:: The task ::
Exclude the pictures and reproduce exactly the lines that run from the one holding "Two white-collar employees" to the end of the entries below.

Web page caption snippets

—————

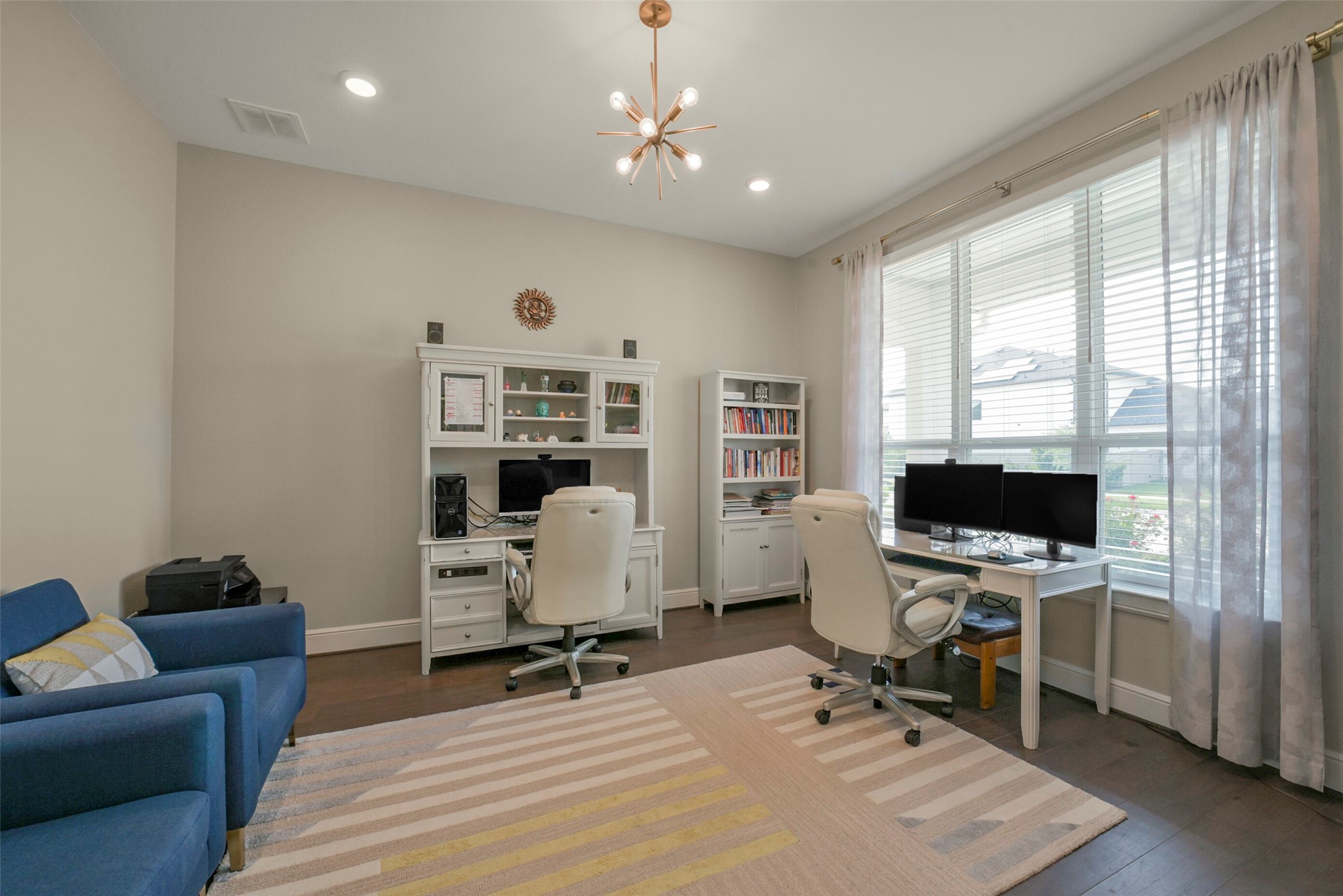 2018 Grove Terrace Lane Manvel, TX 77578 - Photo 21 of 50 This bright home office features large windows with ample natural light, two workstations with white desks and chairs, a cozy blue armchair, and a modern light fixture, creating a functional yet stylish workspace.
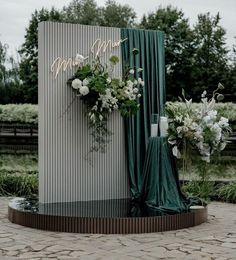 an outdoor ceremony setup with flowers and greenery on the side, surrounded by green drapes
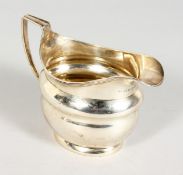 A GEORGE III SILVER MILK JUG with reeded edge and handle. London 1806. Maker Andrew Fogelberg.
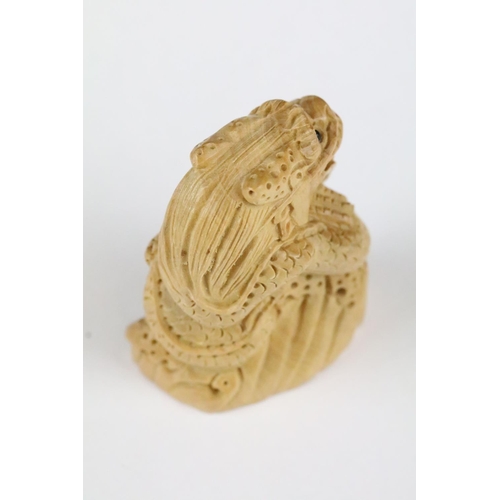 179 - Two carved wooden netsuke figures in the form of dragons, 5cm approx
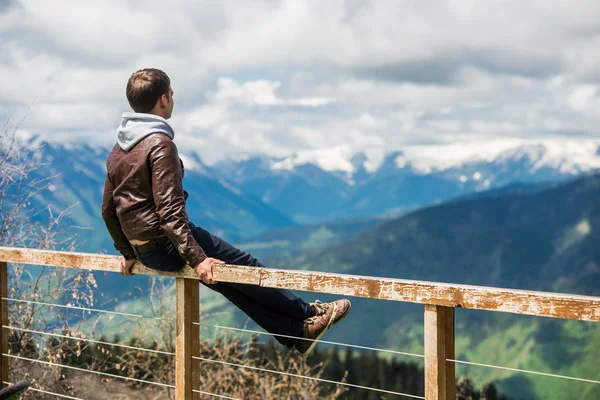 Ο άνθρωπος που κάθεται στο ξύλινο κιγκλίδωμα ψάχνει στην προβολή βουνά και χαλάρωση — Φωτογραφία Αρχείου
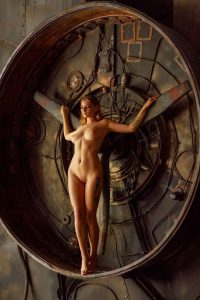 Nude woman standing within a large circular metal frame filled with pipes, gauges and brass mechanical parts, brown tones.
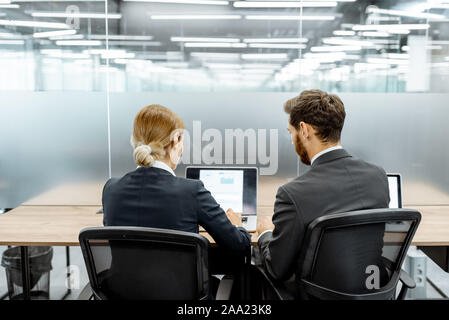 Two white-collar employees working on the laptop at the working place in the finance department of a large corporation, backside view Stock Photo
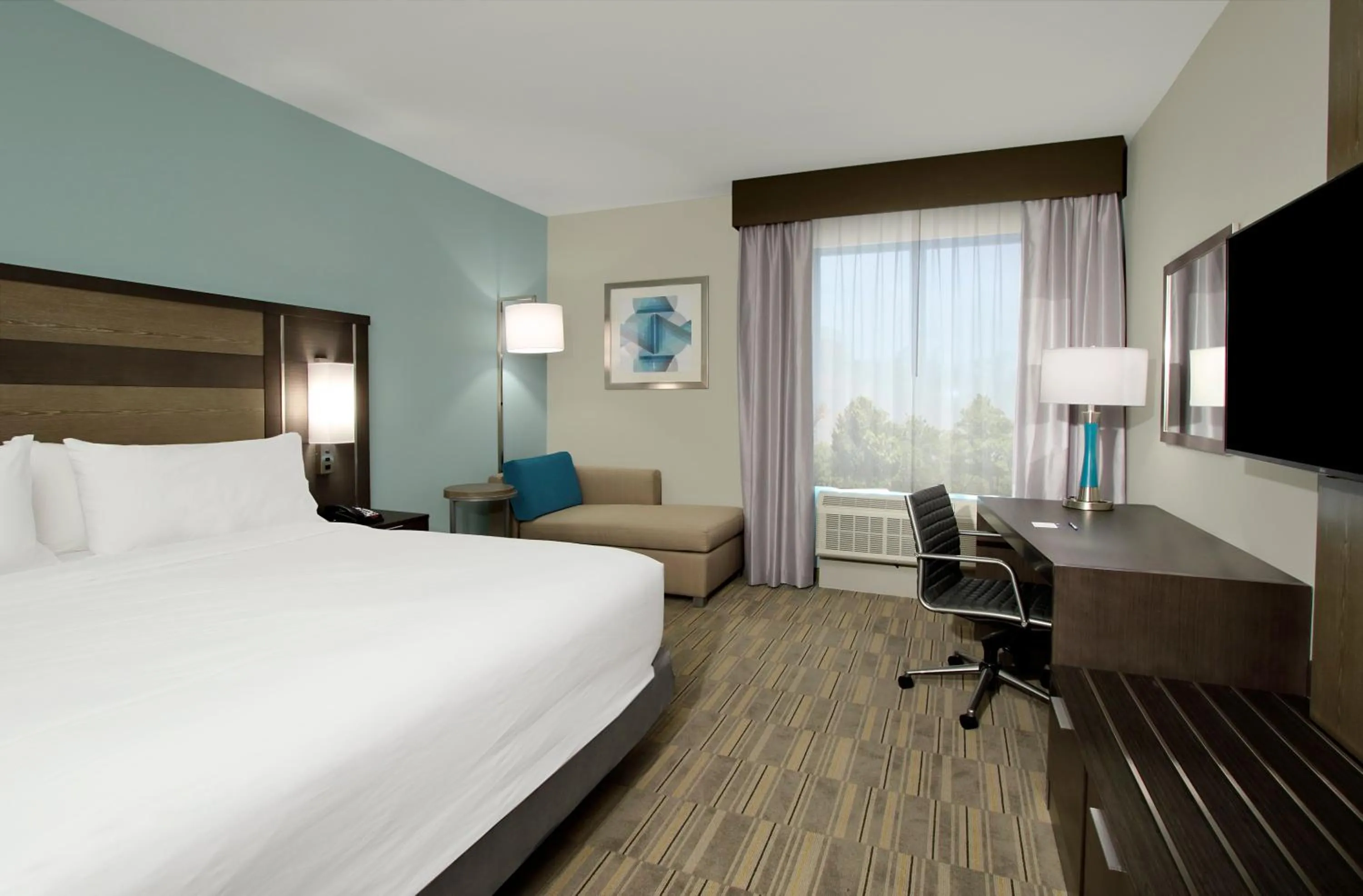 Photo of the whole room, Bed in Holiday Inn Express & Suites - Lake Charles South Casino Area by IHG
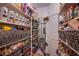 Organized pantry with shelves, baskets, and ample storage space for food items and supplies at 3882 Genoa Dr, Las Vegas, NV 89141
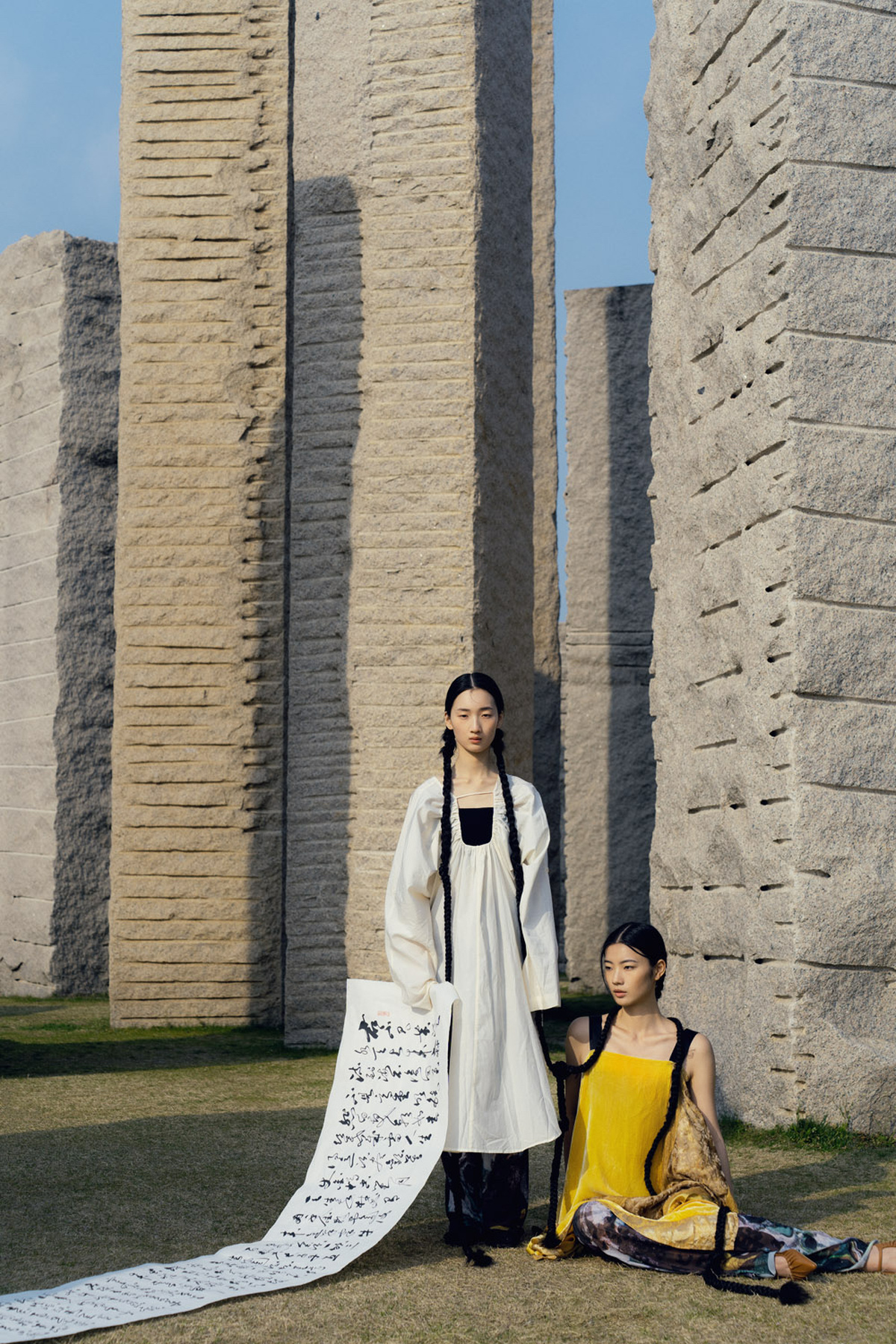 一位年轻女孩和一位妇女站在一个纪念碑前 背景墙上有图案。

—————

:: Final answer ::
 Two white-collar employees working on the laptop at the working place in the finance department of a large corporation, backside view Stock Photo
 Photo of the whole room, Bed in Holiday Inn Express & Suites - Lake Charles South Casino Area by IHG
 Organized pantry with shelves, baskets, and ample storage space for food items and supplies at 3882 Genoa Dr, Las Vegas, NV 89141
 一位年轻女孩和一位妇女站在一个纪念碑前 背景墙上有图案。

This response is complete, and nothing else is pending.